# Changing City Lights in VW MK4



## PROJECT-X (Jul 11, 2009)

I see a DIY for the MK5 city lights but any instructions on how to get to the City Light bulb on the MK4, please? Thanks!


----------



## GT17V (Aug 7, 2001)

for a golf/GTI: open high beam cover.
Reach in & grab the city light & pull out of the housing.


----------



## PROJECT-X (Jul 11, 2009)

*Re: (GT17V)*

That is seeming impossible. Is there some trick to it? All I can see is what looks like a fat chunky plug and it won't budge. I'm assuming I need to unplug this first? I'm working on the passenger side headlight.


----------



## GT17V (Aug 7, 2001)

you don't need to unplug the connector.
go look at the high beam cover.

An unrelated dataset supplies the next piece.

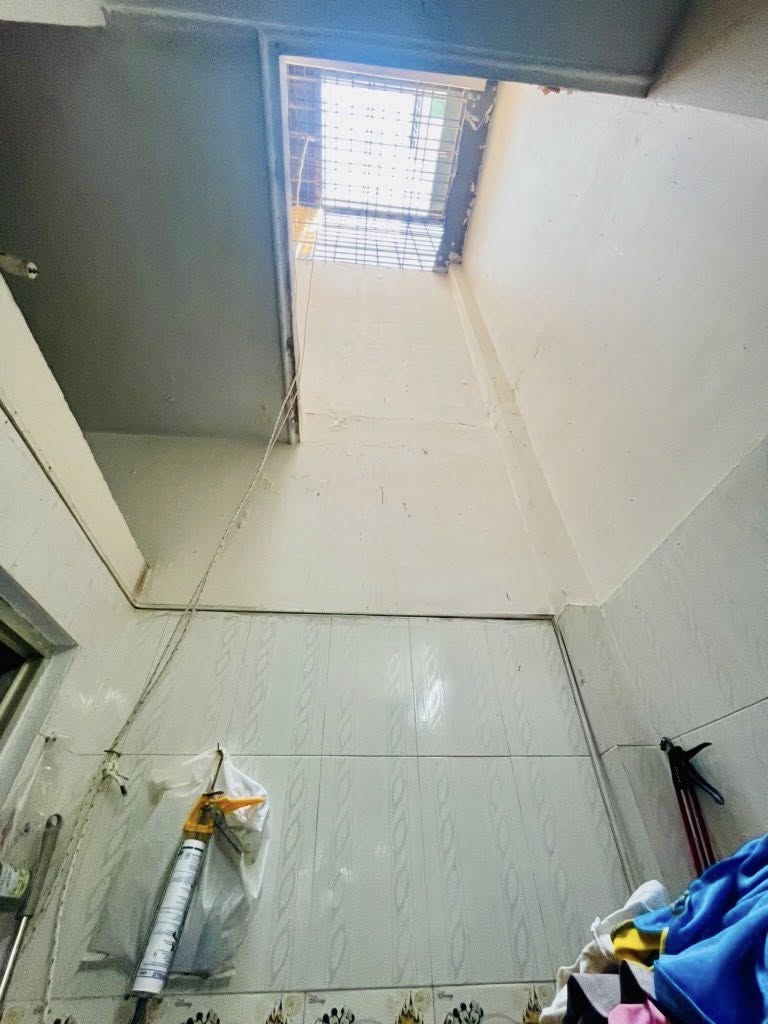 KHÔNG CĂN 2 - NGAY CHỢ TÂN HƯƠNG - HXH TRÁNH - 92M - 2TẦNG - 3PN NHỈNH 7 - Ảnh 3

It should be pretty self explanatory to see how to open it (push down on the tab).


----------



## PROJECT-X (Jul 11, 2009)

*Re: (GT17V)*

Wow. You're right, I didn't even see the tab, thanks! OK, I got the cover off, but holy sh!t is that cramped in there. I can touch the wires holding the City Light bulb but the bulb must be fastened in some how. I'm tugging on it but it's not budging. Any tips? It's very very cramped....


----------



## GT17V (Aug 7, 2001)

it just pulls out. no twisting is required.


----------



## PROJECT-X (Jul 11, 2009)

*Re: (GT17V)*

You're the man. A little more pressure did it wonders. If you're ever in Philly, I'll get you a pint. 
I don't plan on putting it back in ever but if I decide to, I can see how getting it back in would be PITA...


----------



## GT17V (Aug 7, 2001)

*Re: (PROJECT-X)*


_Quote, originally posted by *PROJECT-X* »_You're the man. A little more pressure did it wonders. If you're ever in Philly, I'll get you a pint. 
I don't plan on putting it back in ever but if I decide to, I can see how getting it back in would be PITA...

Get me a cheesesteak with whiz & onions with spicy fries from Steve's on Bustleton & St. Vincent.
....I'm a Philly native


----------



## PROJECT-X (Jul 11, 2009)

*Re: (GT17V)*









You got it, dude.


----------